Once a drive is starting to fail, or has failed, a number of costs are associated with the replacement.
Hopefully the drive does not fail out on a mission. If it does, what is the cost of the data corruption/failure? Depends on the application. If the SSD is used in a navigation system, or a data recorder, etc. How easy is it to get to the system? SSD inside an easy to access server, or inside the wing of an aircraft or in a submarine that's supposed to stay underwater for a few months? How easy is it to get a drive that is validated for the system? If drive has gone EOL, how quickly can we validate a replacement. Is there any technology risk that replacement drive will not work the same way?
Hand-in-hand with replacement costs, cost of data loss varies.
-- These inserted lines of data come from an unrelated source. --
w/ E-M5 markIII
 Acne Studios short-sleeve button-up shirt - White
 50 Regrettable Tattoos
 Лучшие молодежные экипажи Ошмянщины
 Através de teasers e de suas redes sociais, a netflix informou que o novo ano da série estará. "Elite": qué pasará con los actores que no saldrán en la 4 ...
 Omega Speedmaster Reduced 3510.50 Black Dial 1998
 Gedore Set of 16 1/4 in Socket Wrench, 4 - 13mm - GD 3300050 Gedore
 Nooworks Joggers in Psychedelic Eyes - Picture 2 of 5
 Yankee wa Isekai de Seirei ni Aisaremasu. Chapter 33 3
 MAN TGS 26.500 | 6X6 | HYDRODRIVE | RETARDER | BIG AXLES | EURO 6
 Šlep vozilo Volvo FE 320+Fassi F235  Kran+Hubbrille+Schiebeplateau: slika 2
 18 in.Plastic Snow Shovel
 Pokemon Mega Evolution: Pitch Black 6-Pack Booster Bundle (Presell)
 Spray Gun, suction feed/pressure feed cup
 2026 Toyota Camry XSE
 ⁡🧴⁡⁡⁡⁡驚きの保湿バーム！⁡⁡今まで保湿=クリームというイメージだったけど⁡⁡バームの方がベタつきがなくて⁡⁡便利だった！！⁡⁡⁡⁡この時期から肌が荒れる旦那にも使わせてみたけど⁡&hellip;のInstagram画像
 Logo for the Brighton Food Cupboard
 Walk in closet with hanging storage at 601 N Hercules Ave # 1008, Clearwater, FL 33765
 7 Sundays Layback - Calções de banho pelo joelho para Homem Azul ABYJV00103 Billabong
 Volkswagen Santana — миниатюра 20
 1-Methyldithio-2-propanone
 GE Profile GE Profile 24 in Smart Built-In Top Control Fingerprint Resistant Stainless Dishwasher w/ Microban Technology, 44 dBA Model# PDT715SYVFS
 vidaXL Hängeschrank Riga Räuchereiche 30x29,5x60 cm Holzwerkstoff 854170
Data recovery is generally expensive, if at all possible. Downtime has a different cost based on application. Used in a tank or armored vehicle, navigation and control systems are paramount. Our warfighters cannot rely on gear that suffers performance issues because temperatures are too cold or too hot.
When the mission requires an airborne data-recorder, how much does it cost to re-fly the mission because the data got corrupted? Heavy workloads on low endurance drives increase application disruptions and require more frequent drive replacements. How much does system repair/redesign/revalidation cost?
Consumer grade SSD prices have been dropping thanks to TLC and QLC NAND, and being able to fit more bits per cell. In controlled environments, this Flash is great for high capacity in a smaller size, as long as there is not a need for high write endurance.
These technologies are not suitable for applications with 24/7 write requirement. In addition, if you test them out in Military operating temperatures, you'll notice the performance gets significantly throttled at warmer temperatures, well below required operating temps. For these applications, MLC and SLC is recommended for longer SSD lifespan (and better performance)
MEMKOR has an extremely stringent component screening and selection process. We only use high-end components and strong design margins to ensure you can install MEMKOR SSDs between the wheels of a jet, on a chopper, in a submarine, a tank, etc. Our customers deploy MEMKOR SSDs when data is critical.
At risk of being repetitive, reliability and security of SSDs are paramount. Our warfighters rely on applications in systems that cannot fail. Flying a surveillance drone on a mission is expensive. Risking data failure or loss on the data recorder by choosing a commercial SSD is not worth it. The cost of SSDs is insignificant part of the deployment equation.
With higher performance comes more heat, and the need for more power. MEMKOR offers solutions that allow you to cap the SSD power usage, especially useful in edge computing applications where power is limited.